§ Source material:
━━━━━━━━━━━━━━━━━━━━━━━━━━━━━━

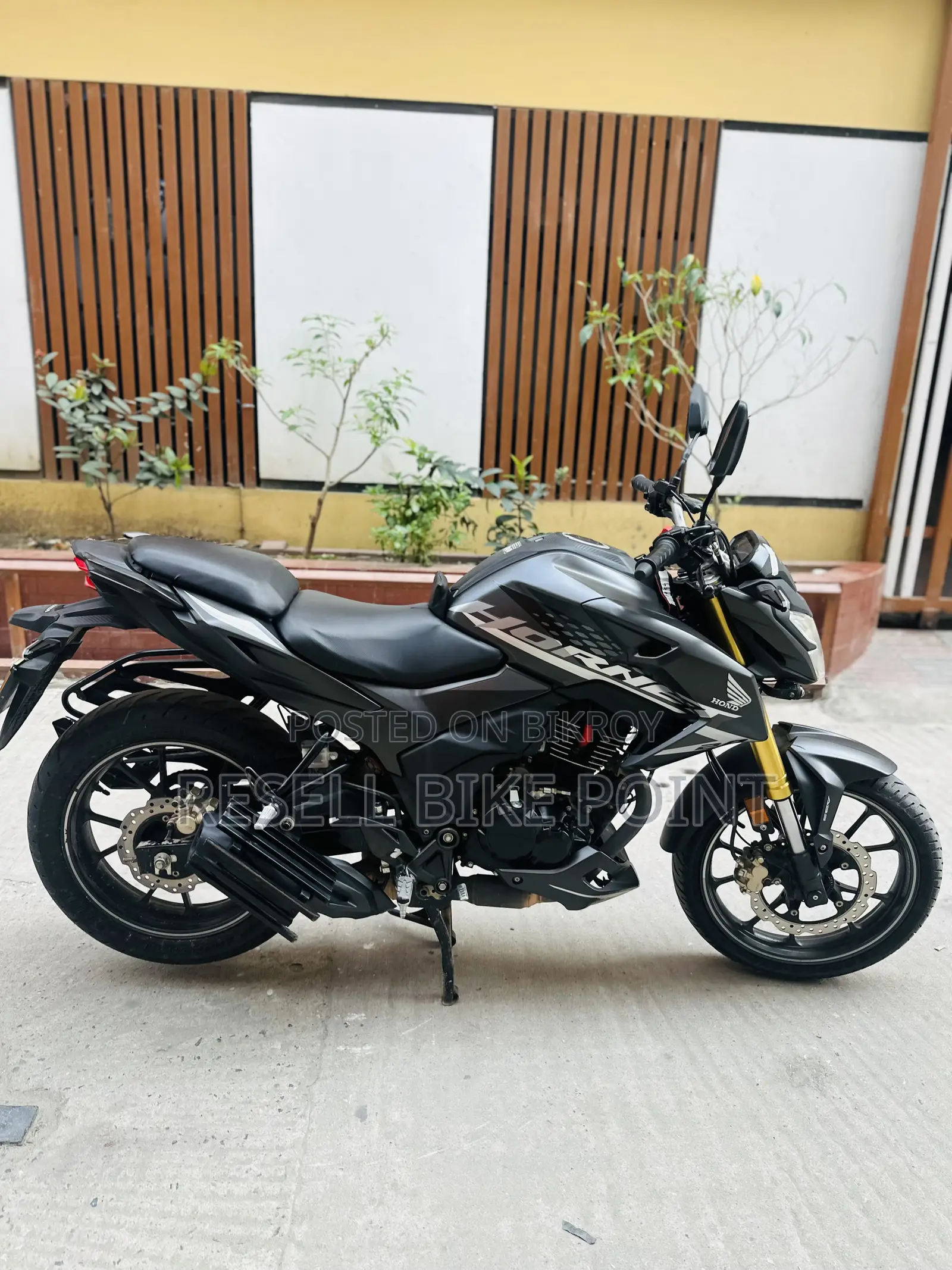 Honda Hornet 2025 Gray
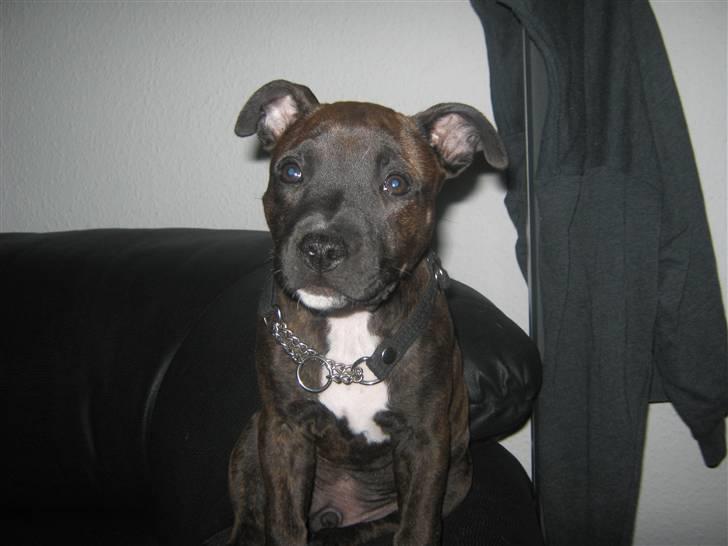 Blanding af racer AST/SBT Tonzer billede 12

━━━━━━━━━━━━━━━━━━━━━━━━━━━━━━

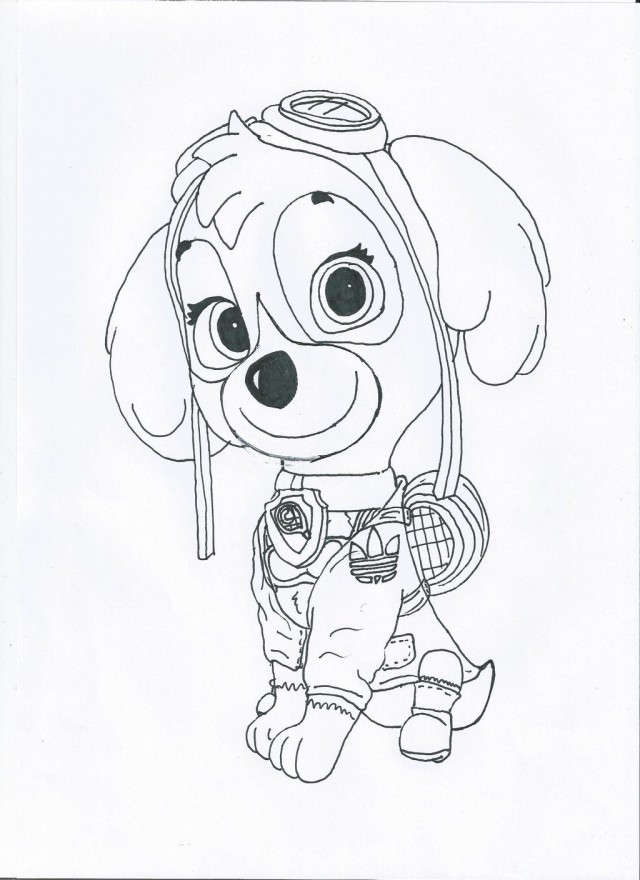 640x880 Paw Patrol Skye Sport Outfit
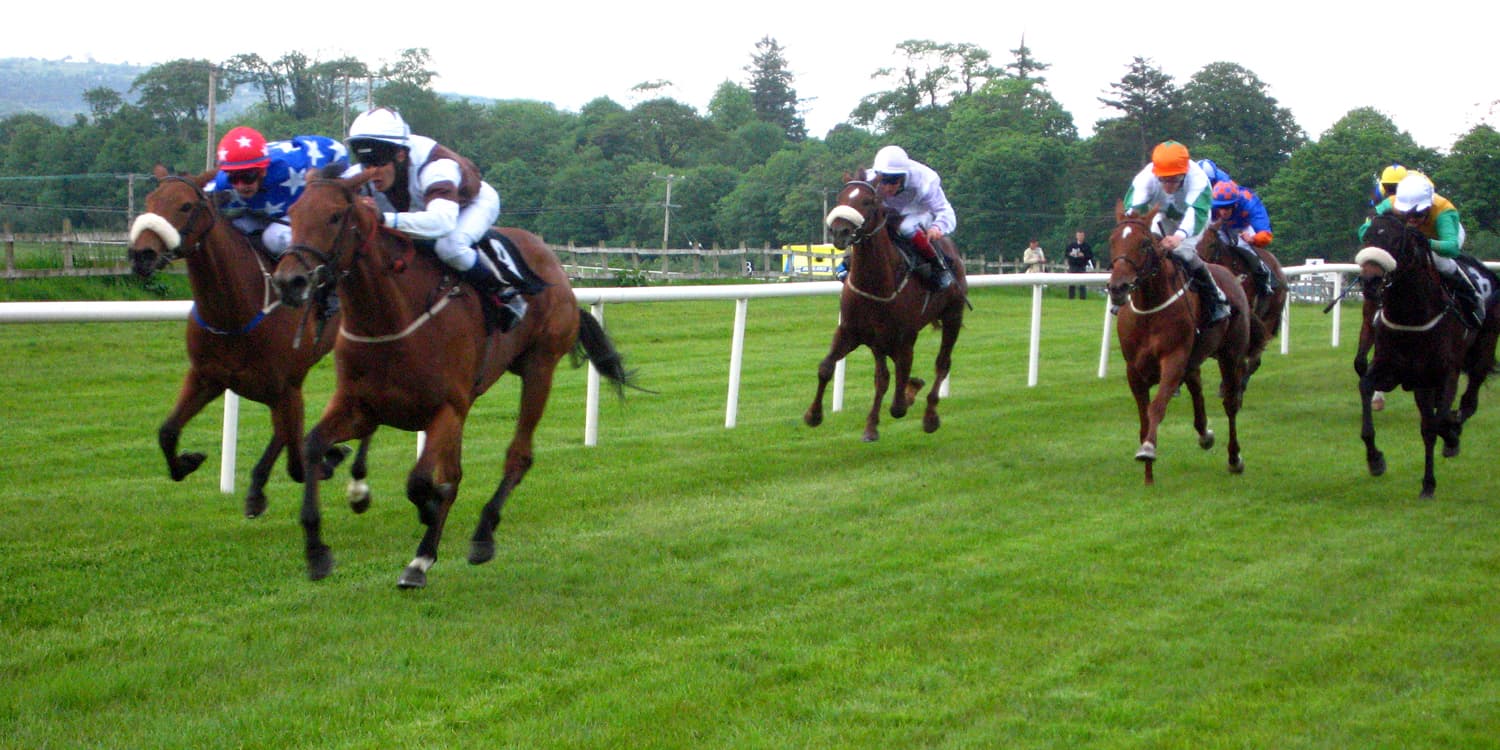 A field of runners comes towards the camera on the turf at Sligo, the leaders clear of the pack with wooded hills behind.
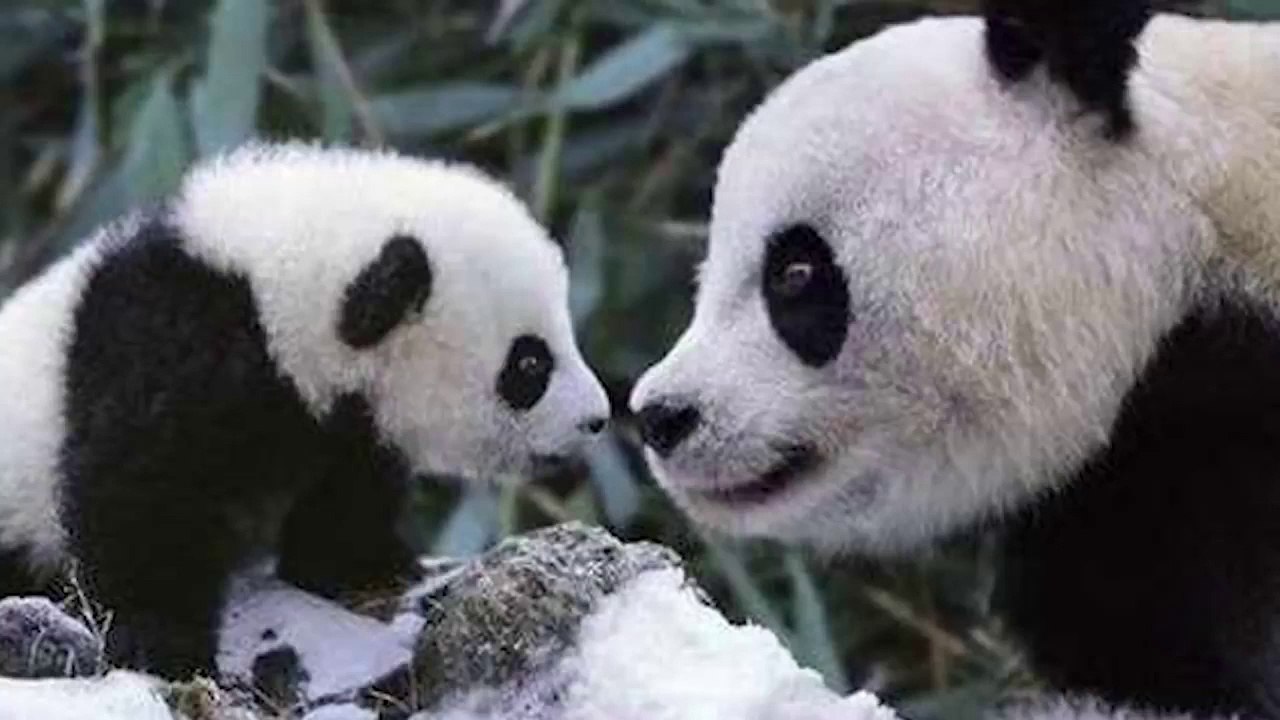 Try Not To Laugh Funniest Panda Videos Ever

━━━━━━━━━━━━━━━━━━━━━━━━━━━━━━

§ Work required: Take the material above and output only the lines from the one that contains "Honda Hornet 2025 Gray" through the one that contains "Blanding af racer AST/SBT Tonzer billede 12", ends included and images left out.

§ Your solution:
 Honda Hornet 2025 Gray
 Blanding af racer AST/SBT Tonzer billede 12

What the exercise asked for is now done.